- THE TASK:
Restate word for word the entries below, starting at the line with "Load image into" and ending at the line with "Fauteuil Bas Isabel". Keep both end lines and omit the pictures.

- Source data:
Segment Open

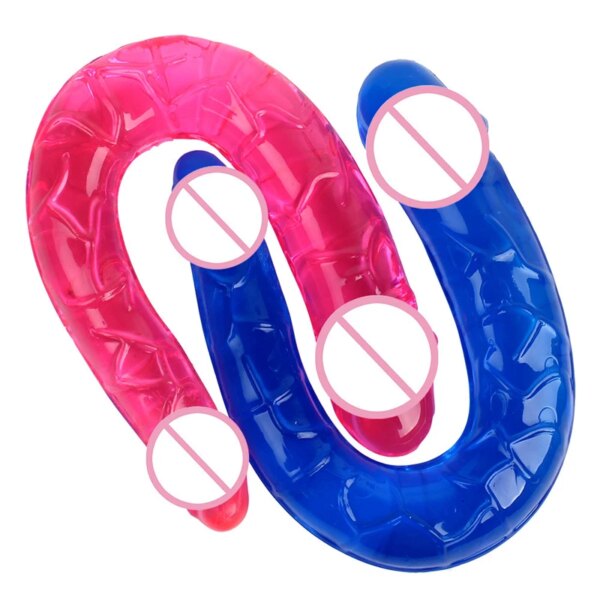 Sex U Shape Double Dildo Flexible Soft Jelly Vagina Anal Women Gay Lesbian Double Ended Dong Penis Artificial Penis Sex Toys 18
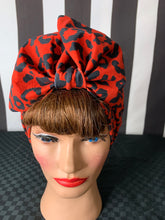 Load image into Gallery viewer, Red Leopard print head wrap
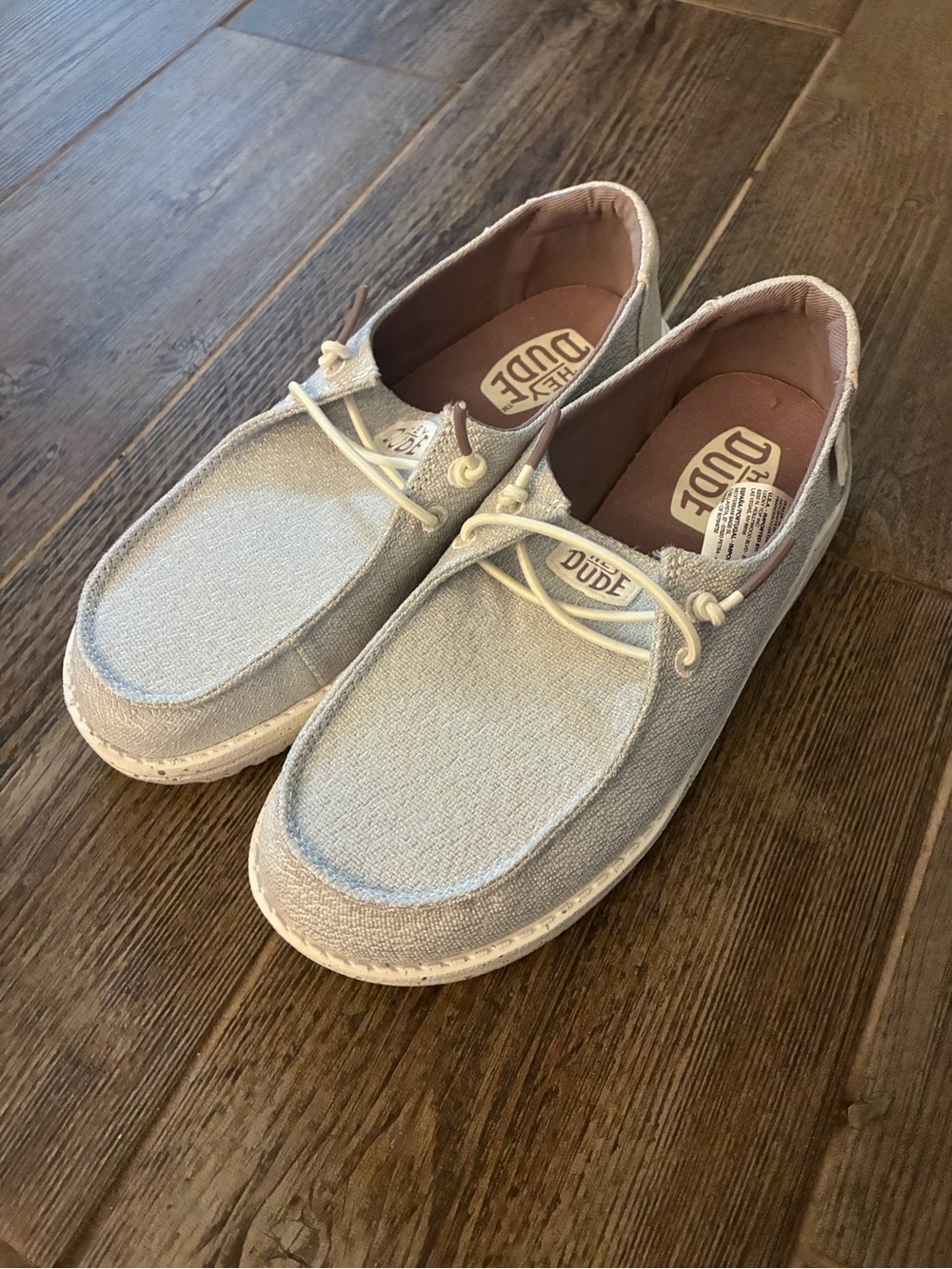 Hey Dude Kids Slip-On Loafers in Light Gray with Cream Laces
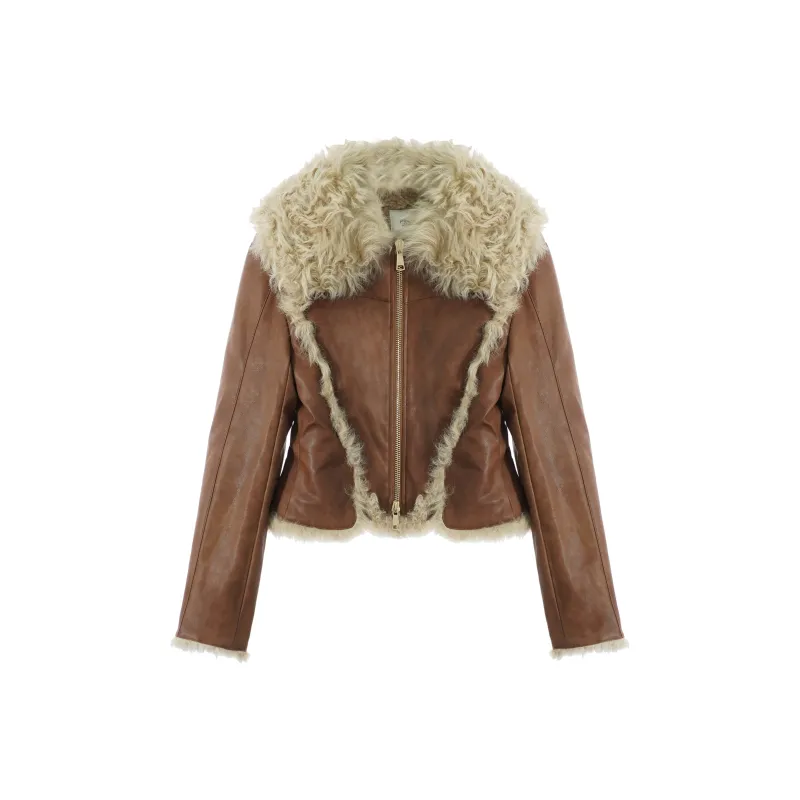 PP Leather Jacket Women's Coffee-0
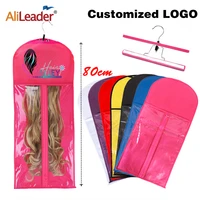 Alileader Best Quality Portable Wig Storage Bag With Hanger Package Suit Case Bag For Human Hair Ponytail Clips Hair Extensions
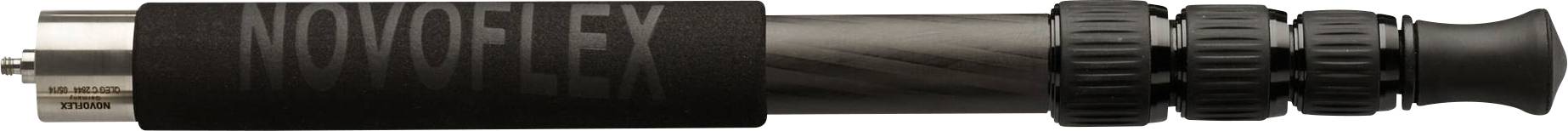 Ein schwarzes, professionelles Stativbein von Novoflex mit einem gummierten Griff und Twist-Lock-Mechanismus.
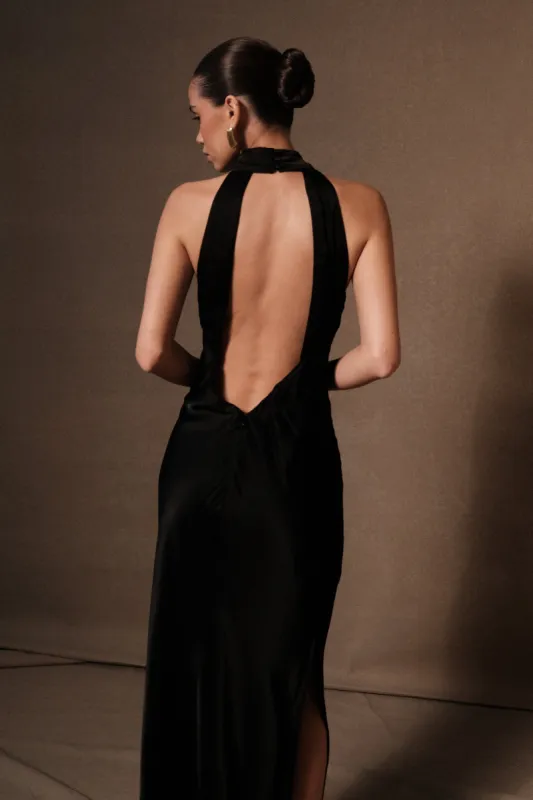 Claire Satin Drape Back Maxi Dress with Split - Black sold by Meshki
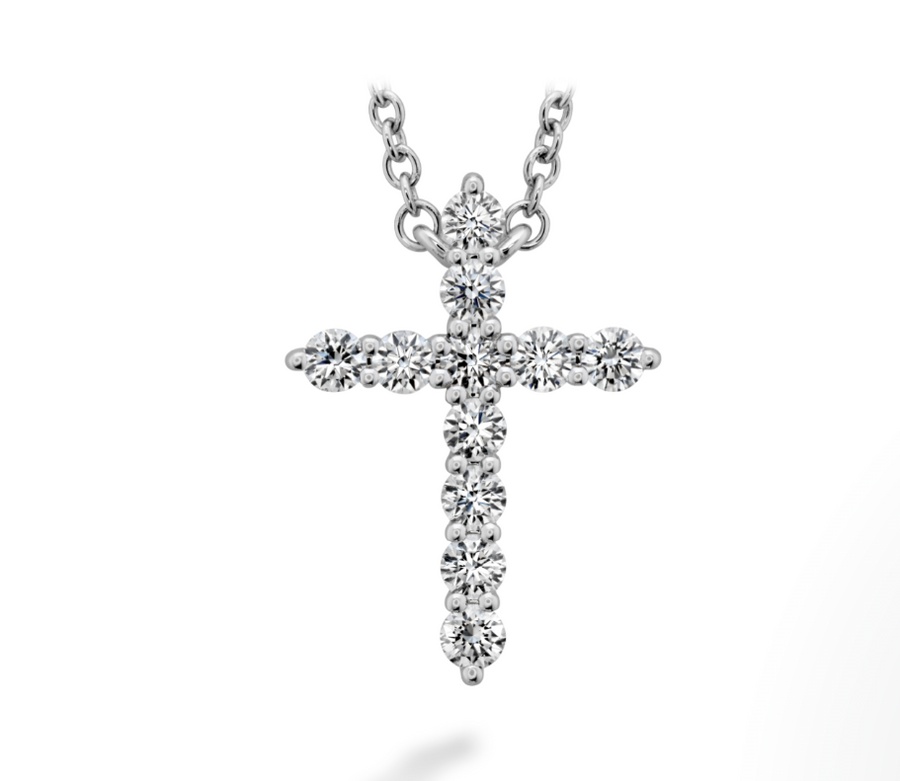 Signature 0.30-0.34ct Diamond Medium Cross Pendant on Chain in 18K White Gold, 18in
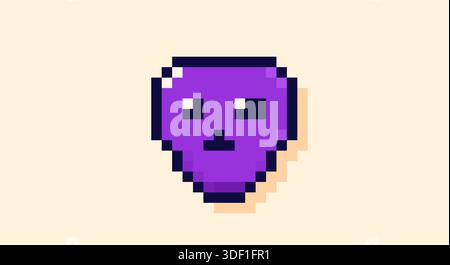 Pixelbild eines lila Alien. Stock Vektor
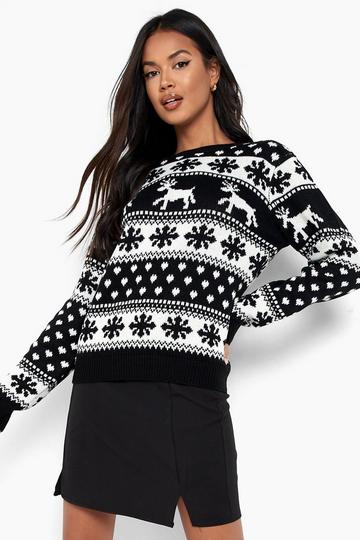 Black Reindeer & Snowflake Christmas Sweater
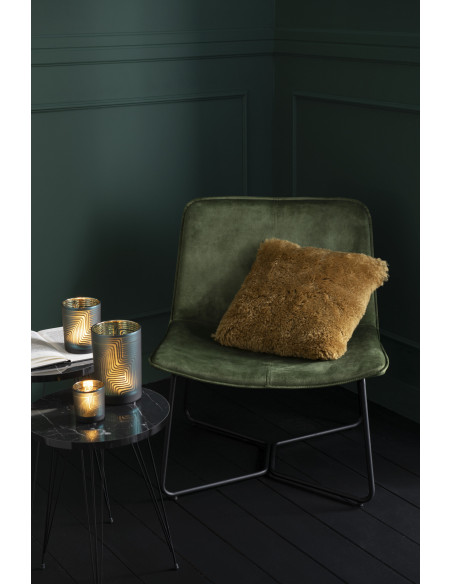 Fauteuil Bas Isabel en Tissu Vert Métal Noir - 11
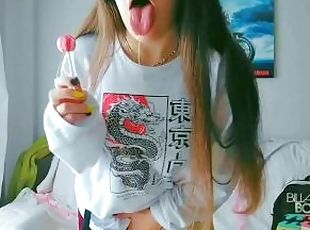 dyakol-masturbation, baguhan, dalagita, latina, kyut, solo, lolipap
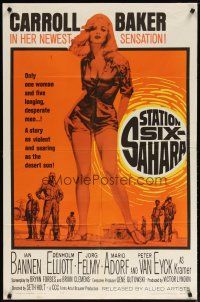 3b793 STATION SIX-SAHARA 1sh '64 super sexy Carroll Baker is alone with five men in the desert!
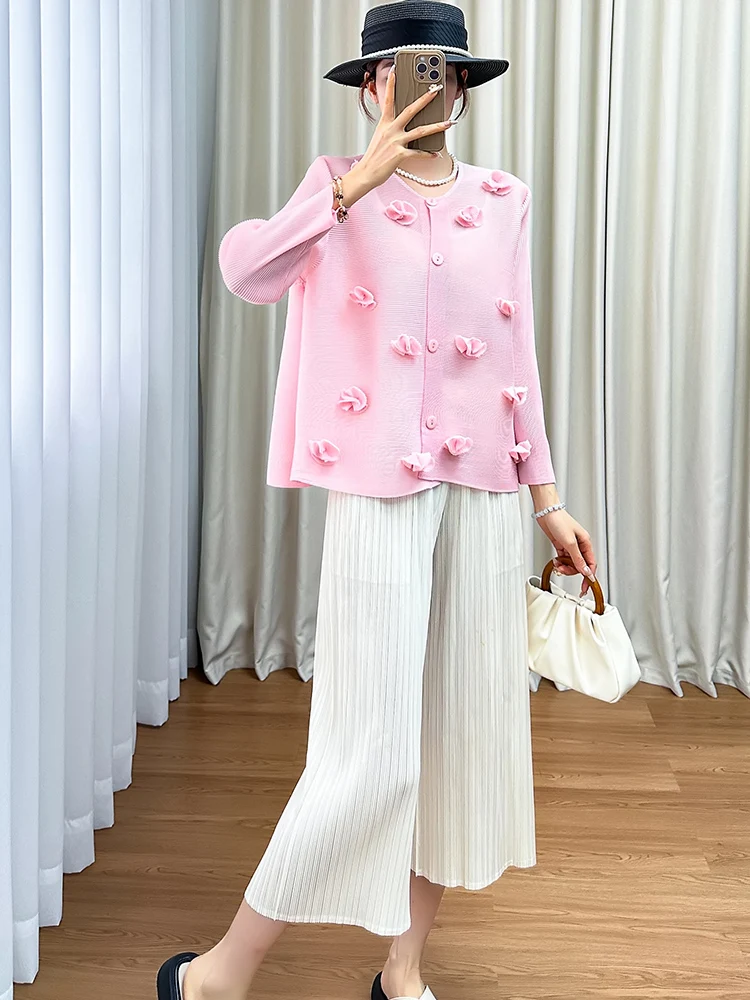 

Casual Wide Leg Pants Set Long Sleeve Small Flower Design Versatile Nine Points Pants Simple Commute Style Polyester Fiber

Segment Closed

- ANSWER:
 Load image into Gallery viewer, Red Leopard print head wrap
 Hey Dude Kids Slip-On Loafers in Light Gray with Cream Laces
 PP Leather Jacket Women's Coffee-0
 Alileader Best Quality Portable Wig Storage Bag With Hanger Package Suit Case Bag For Human Hair Ponytail Clips Hair Extensions
 Ein schwarzes, professionelles Stativbein von Novoflex mit einem gummierten Griff und Twist-Lock-Mechanismus.
 Claire Satin Drape Back Maxi Dress with Split - Black sold by Meshki
 Signature 0.30-0.34ct Diamond Medium Cross Pendant on Chain in 18K White Gold, 18in
 Pixelbild eines lila Alien. Stock Vektor
 Black Reindeer & Snowflake Christmas Sweater
 Fauteuil Bas Isabel en Tissu Vert Métal Noir - 11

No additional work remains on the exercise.